Here the boys are showing me just what they think of my photography obsession:
   
Charlie does a poolside catwalk to avoid burning his... one bare foot? Where did the other flip-flop go?
Abraham the Water Monkey gives me a heart attack hanging from the pool ladder in the eight foot dive section...

On the way home from the pool, Charlie and I had one of the many great conversations we have, wherein he asks obvious questions, and I answer him as absurdly as possible.
Charlie, out of the blue: Mom, is that our house? (We are 11.683 miles from home. He knows this.)
Me: Yes. Get out.
Charlie likes this game: Mom, is that our house?
Me: No. The president lives there.
Charlie: Is that our house?
Me: Yes. Get out.
Charlie: Is that our house?
Me: No. That's where the Queen of England lives.
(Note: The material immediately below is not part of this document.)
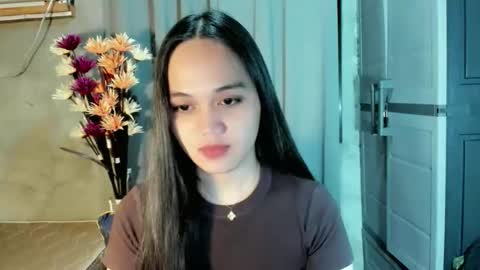 hilarymolly online show from May 6, 5:51 pm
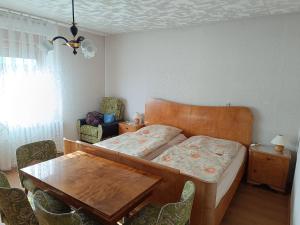 Gallery image of Ferienhaus mit alten Scharm in Ozimek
Charlie: Is that our house?
Me: No. It's a gopher hole.
Charlie: Are you teasin' me?
Me: No. Giant gophers.
Charlie: Mom, are you here?
Me: Nope, you're driving.
Charlie: Is that our house?
Me: Yes. Get out.
Charlie: Mom, can I have a cheeseburger?
Me: Yes. Get out. Wait. What?

Foiled again.
 
Oh, and HaPpY BeLaTeD BiRtHdAy to Uncle Stuart! I tried to send you an ecard, but I must've typoed the email address because it came back!